Dispositions of oil and natural gas properties are accounted for as adjustments to capitalized costs with no gain or loss recognized, unless such adjustments would significantly alter the relationship between capitalized costs and proved reserves.

The net capitalized costs of proved oil and natural gas properties are subject to a "ceiling test," which limits such costs to the estimated present value, discounted at a 10% interest rate, of future net revenues from proved reserves, based on current economic and operating conditions. If net capitalized costs exceed this limit, the excess is charged to operations through depreciation, depletion and amortization. No write-down of the Company's oil and natural gas assets was necessary in 2000, 2001 or 2002. Based on oil and natural gas prices in effect on December 31, 2001, the unamortized cost of oil and natural gas properties exceeded the cost center ceiling. As permitted by full cost accounting rules, improvements in pricing subsequent to December 31, 2001 removed the necessity to record a write-down. Using prices in effect on December 31, 2001 the pretax writedown would have been approximately $0.7 million. Because of the volatility of oil and natural gas prices, no assurance can be given that the Company will not experience a write-down in future periods.

Depreciation of other property and equipment is provided using the straight-line method based on estimated useful lives ranging from five to 10 years.

Oil and Natural Gas Reserve Estimates

The process of estimating quantities of proved reserves is inherently uncertain, and the reserve data included in this document are estimates prepared by Ryder Scott Company and Fairchild & Wells, Inc., Independent Petroleum Engineers. Reserve engineering is a subjective process of estimating underground accumulations of hydrocarbons that cannot be measured in an exact manner. The process relies on interpretation of available geologic, geophysical, engineering and production data. The extent, quality and reliability of this data can vary. The process also requires certain economic assumptions regarding drilling and operating expense, capital expenditures, taxes and availability of funds. The SEC mandates some of these assumptions such as oil and natural gas prices and the present value discount rate.

Proved reserve estimates prepared by others may be substantially higher or lower than the Company's estimates. Because these estimates depend on many assumptions, all of which may differ from actual results, reserve quantities actually recovered may be significantly different than estimated. Material revisions to reserve estimates may be made depending on the results of drilling, testing, and rates of production.

You should not assume that the present value of future net cash flows is the current market value of the Company's estimated proved reserves. In accordance with SEC requirements, the Company based the estimated discounted future net cash flows from proved reserves on prices and costs on the date of the estimate.

The Company's rate of recording depreciation, depletion and amortization expense for proved properties is dependent on the Company's estimate of proved reserves. If these reserve estimates decline, the rate at which the Company records these expenses will increase.

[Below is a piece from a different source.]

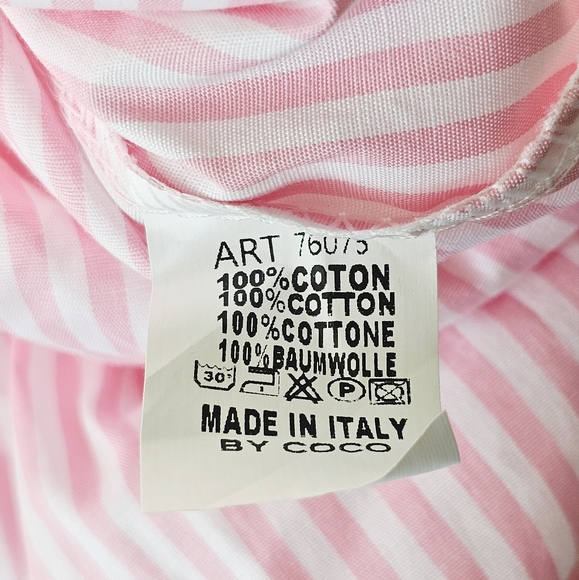 Italian 100% Cotton By Coco Pink White Striped Ruffle Button Up Shirt Size L/XXL - Picture 8 of 15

Derivative Instruments and Hedging Activities

In June 1998, the Financial Accounting Standards Board ("FASB") issued Statement of Financial Accounting Standards ("SFAS") No. 133 "Accounting for Derivative Instruments and Hedging Activities". This statement, as amended by SFAS No. 137 and SFAS No. 138, establishes standards of accounting for and disclosures of derivative instruments and hedging activities. This statement requires all derivative instruments to be carried on the balance sheet at fair value with changes in a derivative instrument's fair value recognized currently in earnings unless specific hedge accounting criteria are met. SFAS No. 133 was effective for the Company beginning January 1, 2001 and was adopted by the Company on that date. In accordance with the current transition provisions of SFAS No. 133, the Company recorded a cumulative effect transition adjustment of $2.0 million (net of related tax expense of $1.1 million) in accumulated other comprehensive income to recognize the fair value of its derivatives designated as cash flow hedging instruments at the date of adoption.

Upon entering into a derivative contract, the Company designates the derivative instruments as a hedge of the variability of cash flow to be received (cash flow hedge). Changes in the fair value of a cash flow hedge are recorded in other comprehensive income to the extent that the derivative is effective in offsetting changes in the fair value of the hedged item. Any ineffectiveness in the relationship between the cash flow hedge and the hedged item is recognized currently in income. Gains and losses accumulated in other comprehensive income associated with the cash flow hedge are recognized in earnings as oil and natural gas revenues when the forecasted transaction occurs. All of the Company's derivative instruments at January 1, 2001, December 31, 2001 and December 31, 2002 were designated and effective as cash flow hedges except for its positions with an affiliate of Enron Corp. discussed in Note 12.